(a) Draw a diagram to represent a convex mirror. On this diagram mark principal axis, principal focus $F$ and the centre of curvature $C$ if the focal length of convex mirror is 3 cm.(b) An object 1 cm tall is placed 30 cm in front of a convex mirror of focal length 20 cm. Find the size and position of the image formed by the convex mirror.
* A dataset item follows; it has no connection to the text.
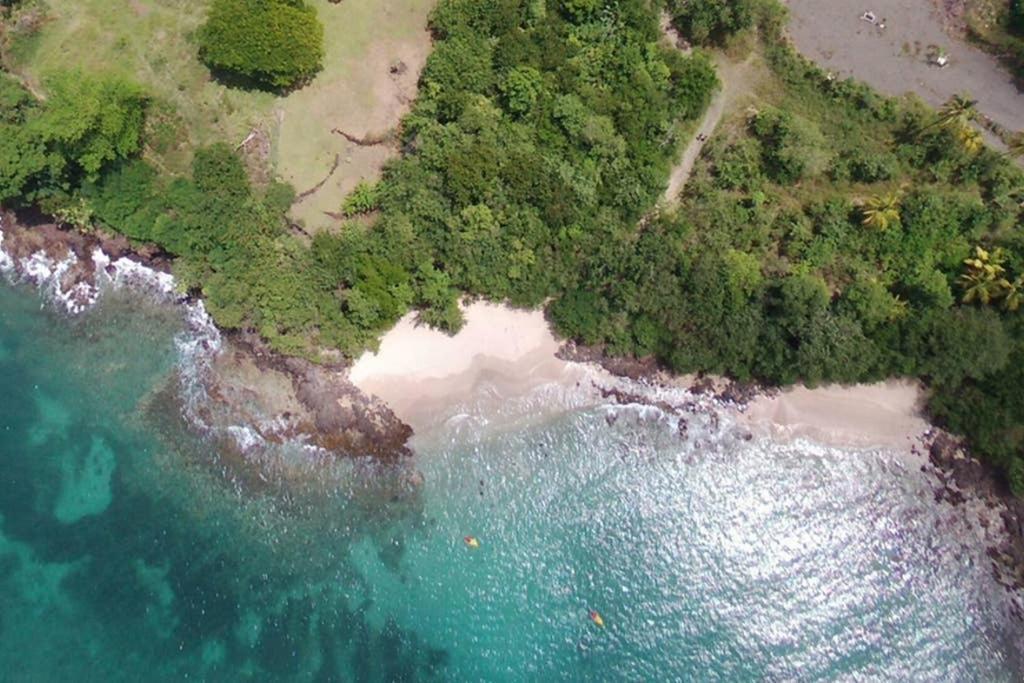 Azur Daire Le Diamant Dış mekan fotoğraf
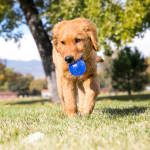 KONG - Squeezz Ball - Imagen 4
Distance of the object from the mirror, $u$ = $-$30 cm

Focal length of the mirror, $f$ = 20 cm

To find: Position (or, distance) of the image $v$, and size of the image $h_2$.

Solution:

From the mirror formula, we know that-

$\frac {1}{f}=\frac {1}{v}+\frac {1}{u}$

Substituting the given values we get-

$\frac {1}{20}=\frac {1}{v}+\frac {1}{(-30)}$

$\frac {1}{20}=\frac {1}{v}-\frac {1}{30}$

$\frac {1}{20}+\frac {1}{30}=\frac {1}{v}$

$\frac {1}{v}=\frac {3+2}{60}$

$\frac {1}{v}=\frac {5}{60}$

$\frac {1}{v}=\frac {1}{12}$

$v=+12cm$

Thus, the distance of the image $v$ is 12 cm from the mirror, and the positive sign implies that the image forms behind the mirror (on the right).

Now, from the magnification formula, we know that-

$m=-\frac {v}{u}$

Substituting the given values we get-

$m=-\frac {12}{(-30)}$

$m=\frac {12}{30}$

$m=\frac {2}{5}$

$m=+0.4$

Thus, the magnification is $0.4$ which is less than 1, which means the image is small in size, and the positive sign implies that the image is virtual and erect.

Also, using the magnification formula we get-

$m=\frac {h_2}{h_1}$

$0.4=\frac {h_2}{1}$

$h_2=0.4cm$

Therefore, the height of the image h_2 is 0.4 cm.